The answer must reproduce the listing exactly, with every picture left out.

Provided records:

#####

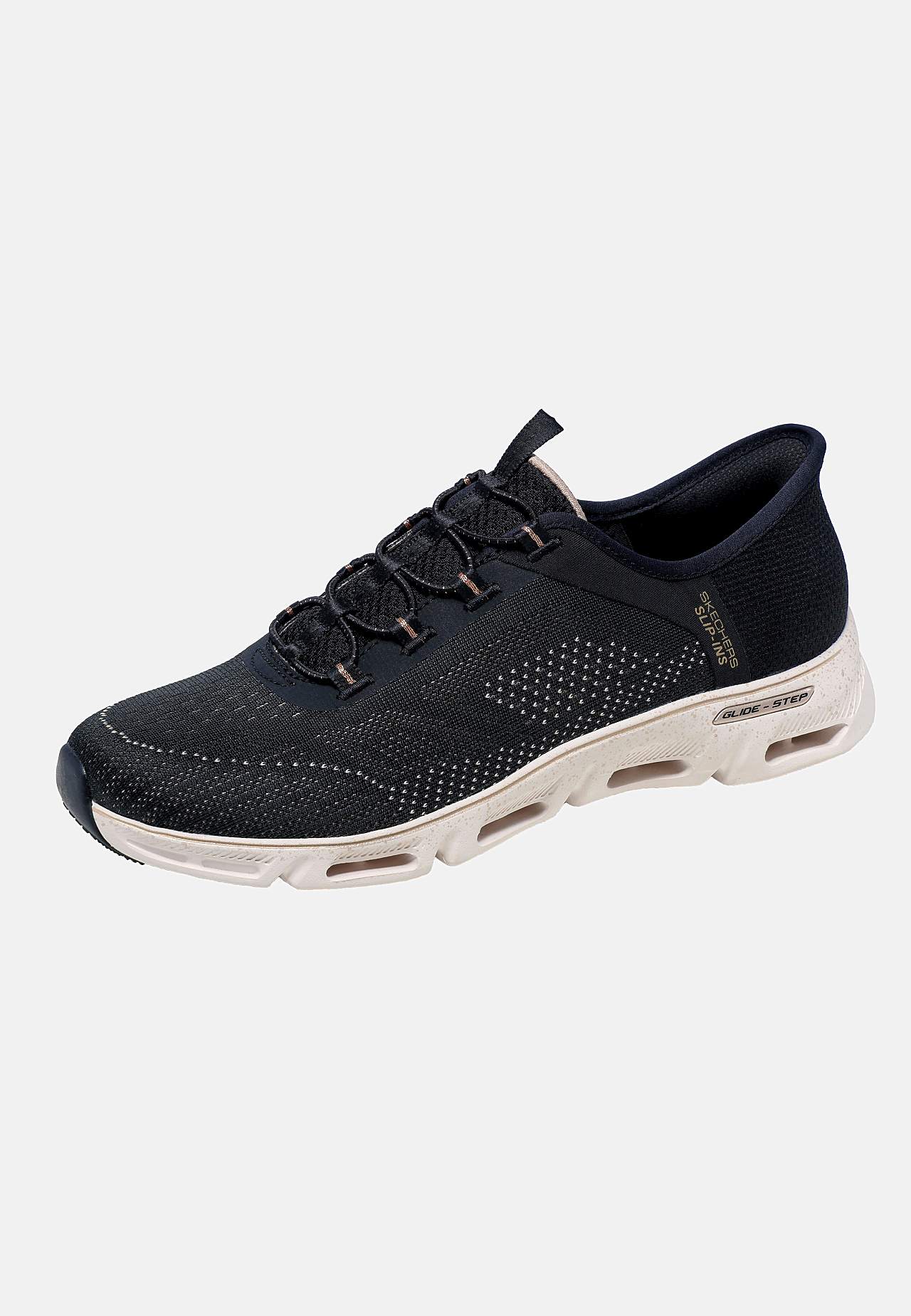 Lenkkari Slip-ins: Glide-Step Gratify - Pace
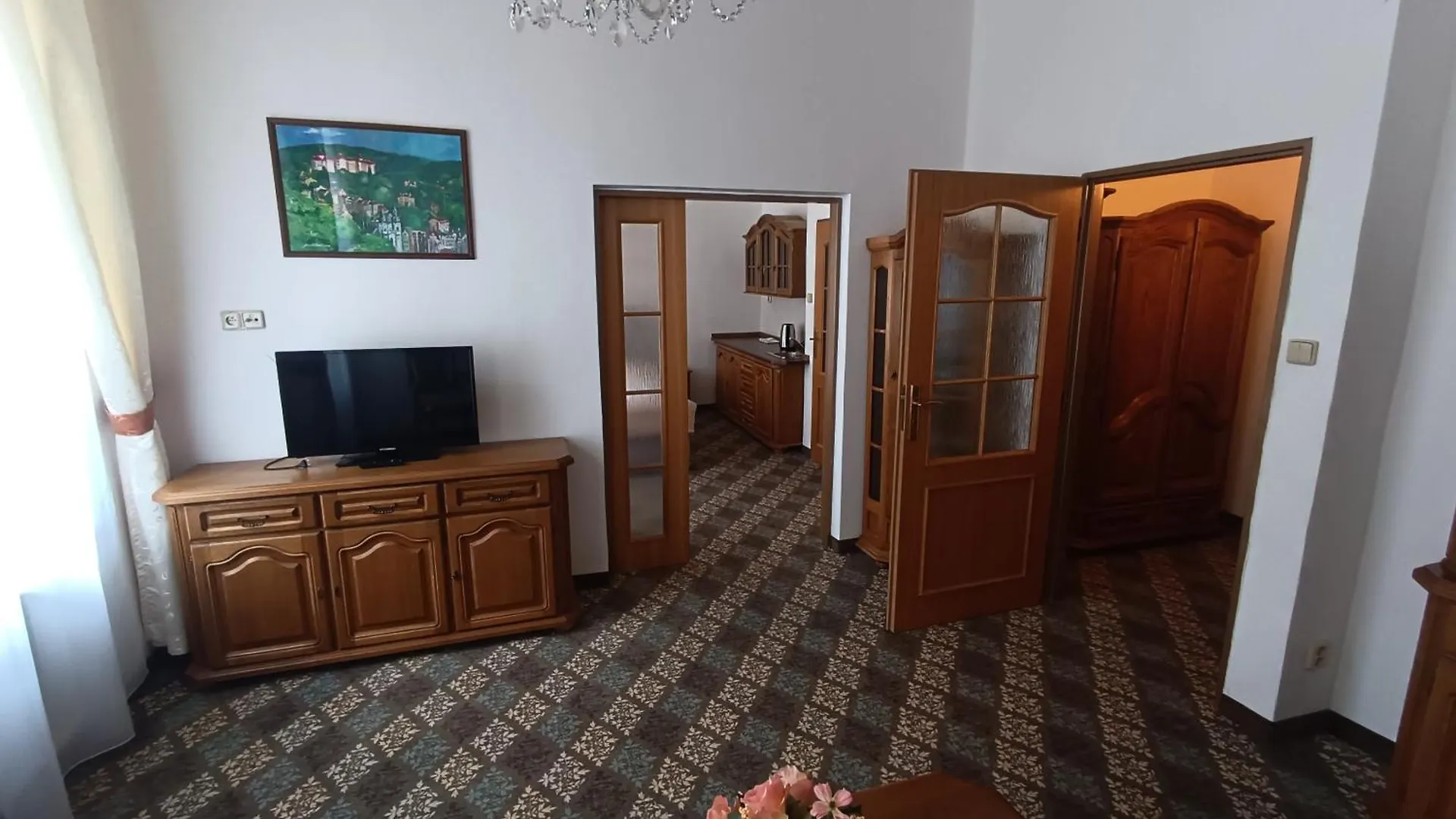 Hotel Praga Karlovy Vary 0*,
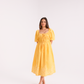 The Sunshine Midi Dress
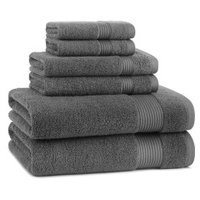 Hospeco BSET-HH-6PK-DGY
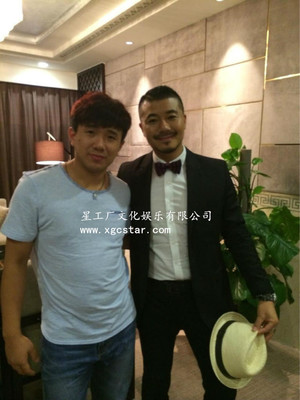 安琥演出公司經紀人孟曉 專業文化經紀人的卓越服務之路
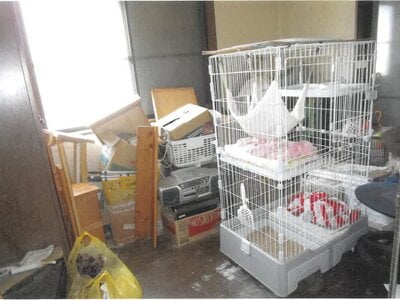 京都府京都市伏見区 西向日駅 戸建て 367万円の競売物件情報 #2
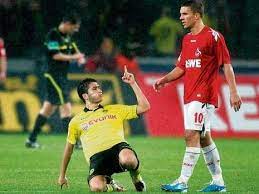 Nuri şahin son olarak 2 sezondur werder bremen forması giyiyordu. Nuri Sahin Ile Lukas Podolski Nin Yollari Yeniden Kesisti Ilk Antrenmanda Fotomac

#####

Solution for this problem:
 Lenkkari Slip-ins: Glide-Step Gratify - Pace
 Hotel Praga Karlovy Vary 0*,
 The Sunshine Midi Dress
 Hospeco BSET-HH-6PK-DGY
 安琥演出公司經紀人孟曉 專業文化經紀人的卓越服務之路
 京都府京都市伏見区 西向日駅 戸建て 367万円の競売物件情報 #2
 Nuri şahin son olarak 2 sezondur werder bremen forması giyiyordu. Nuri Sahin Ile Lukas Podolski Nin Yollari Yeniden Kesisti Ilk Antrenmanda Fotomac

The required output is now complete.